If you are unlucky enough to get sucked into the infinite Chutes and Ladders game of more but lucky enough to eventually realize that more is not the answer, you will enter a long staring contest with the void. You might feel sad or even get depressed. A bout of nihilism is common. “What’s the point if there’s no point?” you might ask, and rightfully so. Somehow, you’ll need to get your telekinesis working so that your stare may swing the pendulum back to the more hopeful side of the void: potential.
Once you do start to accept life’s cold indifference as a starting point rather than a chamber at the morgue, you begin to see what’s good about the void. If nothing matters all that much, you may as well pursue the goals and dreams you really want. You can focus on making yourself useful right here and now, to the people you love but also to people in general, and you don’t need to do any more than that to have a good day.
You’ll also no longer need any of the crutches you used to rely on for so long. Money stops being useful after you have enough, and enough won’t be all that much.

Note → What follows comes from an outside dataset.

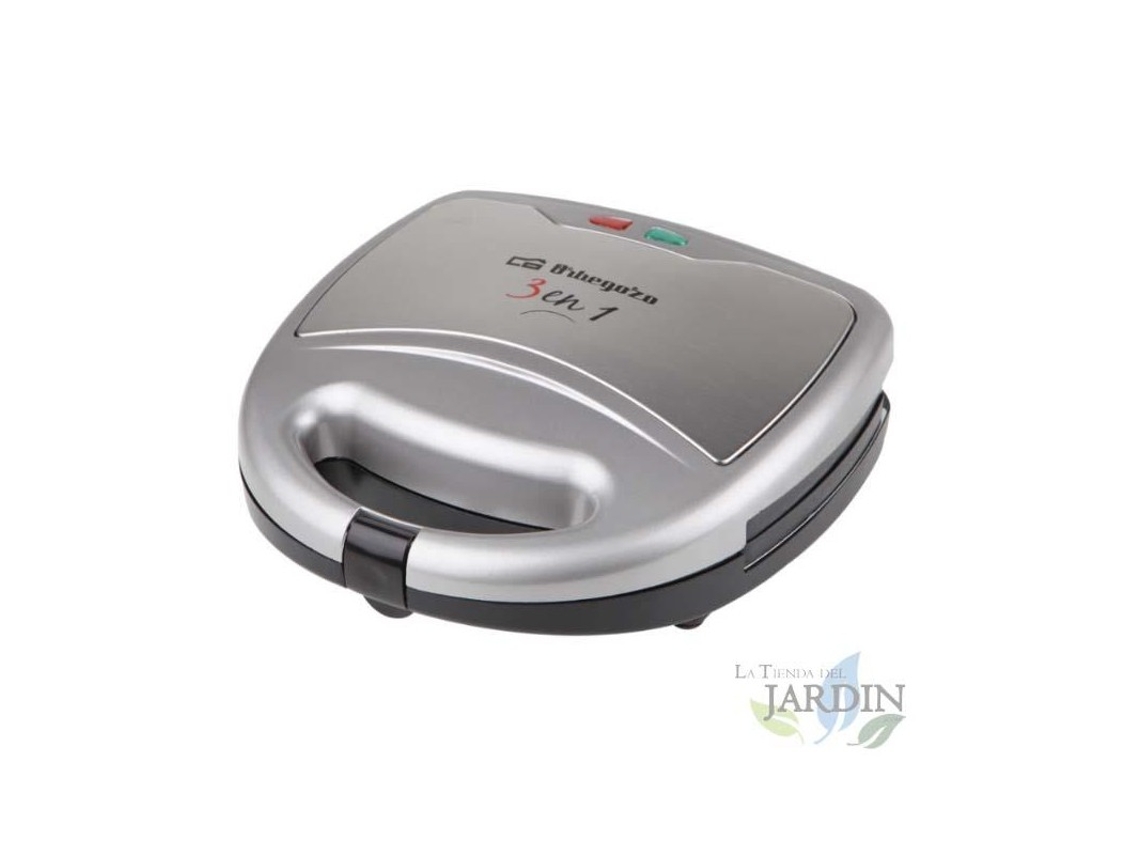 Sandwichera ORBEGOZO Potencia 800 W.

Sex no longer functions like valium. You can focus on the connection aspect of it instead of treating it like an anxiety pill. Food is nice but not necessary in huge quantities. Neither are travel, using the VIP entrance at the club, or jumping out of an airplane with a parachute on your back. You won’t drop all of your vices immediately, but slowly, over time, they’ll peel away, and what’s left is the real you…and the void.
By now you’ll know the void need not be depressing, but even its liberty is something we must learn to accept. For me, writing books is probably as close as I can get to my true calling, but I might never get around to publishing all the books I want to write, let alone publish all my current ideas at once. On some days, I make no progress at all. On others, I get dangerously close to throwing myself down the rabbit hole of a massive, “make more money faster” distraction. Those days don’t always feel a lot easier just because I know the void is nothing to be feared. Most of the time, it is keeping me good company, but its vastness can still feel daunting.
There is incredible peace in accepting that you don’t need to change the world, that it’s okay if some or maybe even your best work will remain unfinished, that you can just live day by day, focus on the present, and not worry about…anything, really. But the void will still always be there, and sometimes, it will send your mind in circles. That too is nothing to be feared.
When the world feels either too big or too small, try taking a break, primarily from thinking. Leave your house. Buy a donut. Go for a walk with the void. By the time you return, you’ll have remembered what matters. You’ll write one sentence, prep one meal, call one friend — and tomorrow, the sun will rise again.